[Source data]
:::::
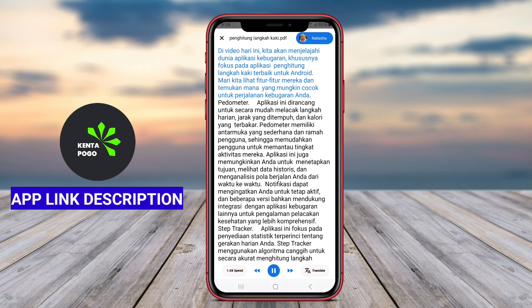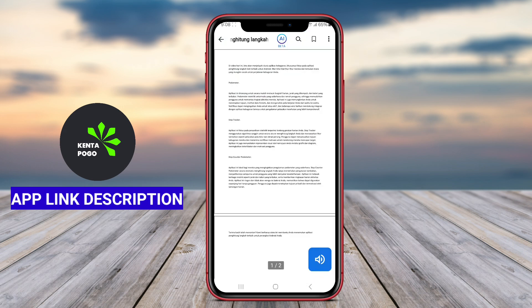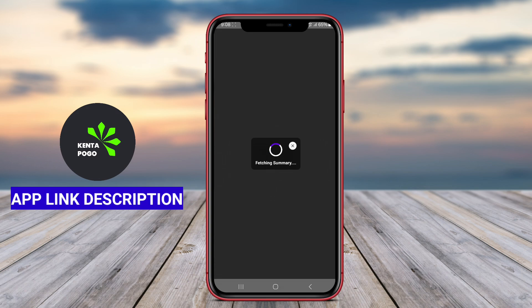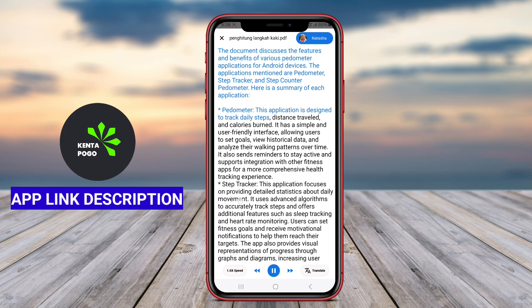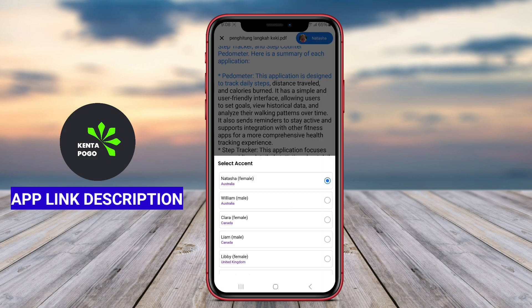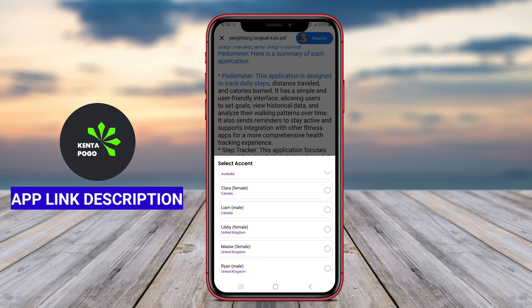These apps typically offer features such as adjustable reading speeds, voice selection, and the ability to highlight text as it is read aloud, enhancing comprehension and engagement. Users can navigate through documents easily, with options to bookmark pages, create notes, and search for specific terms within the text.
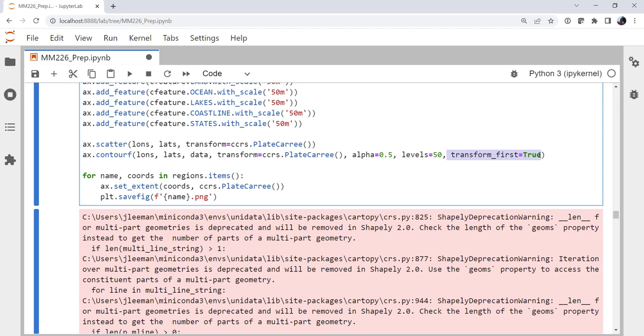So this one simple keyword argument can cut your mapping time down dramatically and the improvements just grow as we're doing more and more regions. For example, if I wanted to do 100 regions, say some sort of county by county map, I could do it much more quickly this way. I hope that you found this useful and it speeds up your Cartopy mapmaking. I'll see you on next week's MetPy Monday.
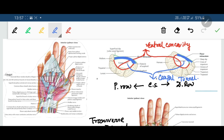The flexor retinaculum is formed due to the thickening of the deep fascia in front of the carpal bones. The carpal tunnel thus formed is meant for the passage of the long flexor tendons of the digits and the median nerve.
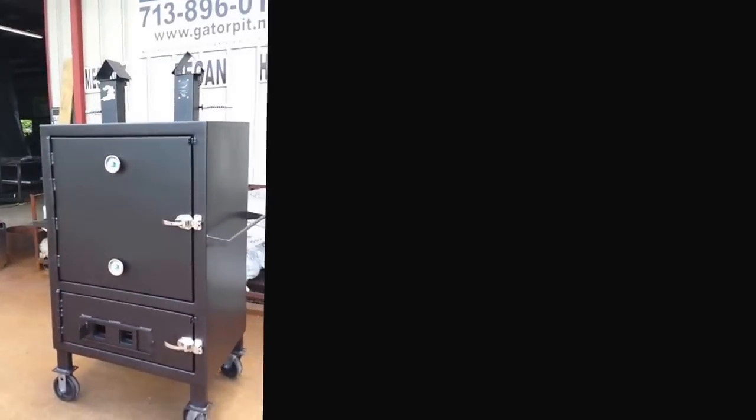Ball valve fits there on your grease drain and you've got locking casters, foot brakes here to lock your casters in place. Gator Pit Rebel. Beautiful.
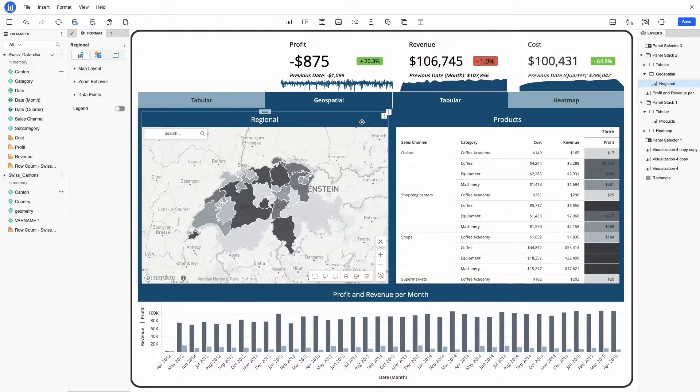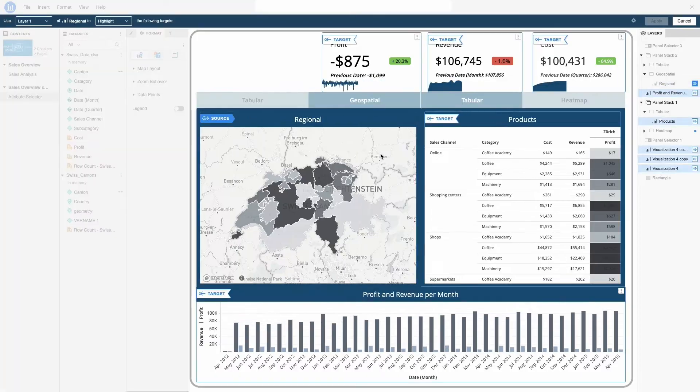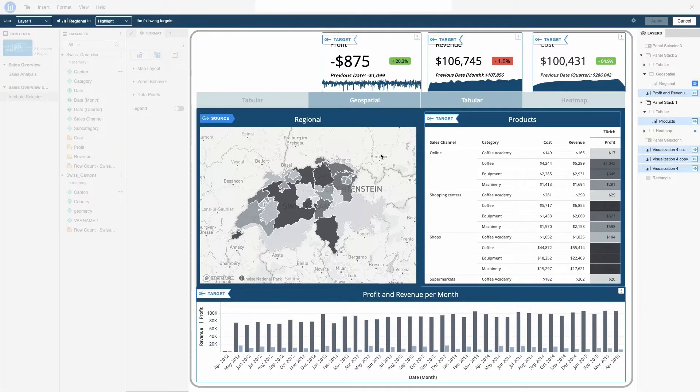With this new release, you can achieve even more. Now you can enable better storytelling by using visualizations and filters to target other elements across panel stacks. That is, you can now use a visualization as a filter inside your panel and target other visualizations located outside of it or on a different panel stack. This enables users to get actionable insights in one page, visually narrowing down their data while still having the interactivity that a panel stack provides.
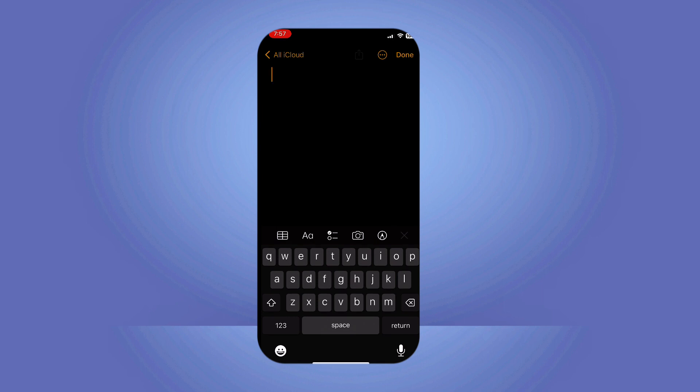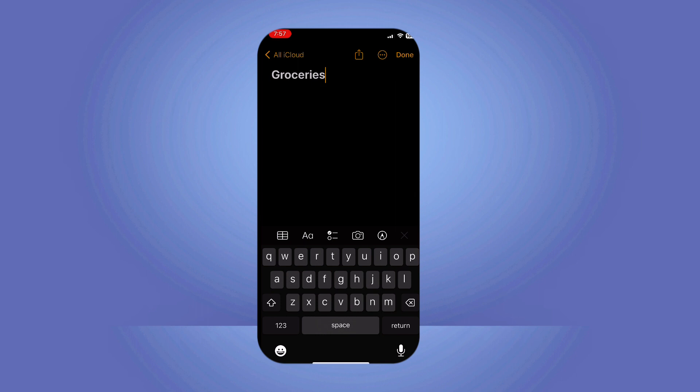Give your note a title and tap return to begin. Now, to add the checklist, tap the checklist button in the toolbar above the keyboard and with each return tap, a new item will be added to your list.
:::::
[Exercise brief] Beginning at the line that holds "Ball valve fits" and ending with the last line of the entries, please set down each line exactly, leaving every picture out.

[Result of the exercise]
Ball valve fits there on your grease drain and you've got locking casters, foot brakes here to lock your casters in place. Gator Pit Rebel. Beautiful.
With this new release, you can achieve even more. Now you can enable better storytelling by using visualizations and filters to target other elements across panel stacks. That is, you can now use a visualization as a filter inside your panel and target other visualizations located outside of it or on a different panel stack. This enables users to get actionable insights in one page, visually narrowing down their data while still having the interactivity that a panel stack provides.
Give your note a title and tap return to begin. Now, to add the checklist, tap the checklist button in the toolbar above the keyboard and with each return tap, a new item will be added to your list.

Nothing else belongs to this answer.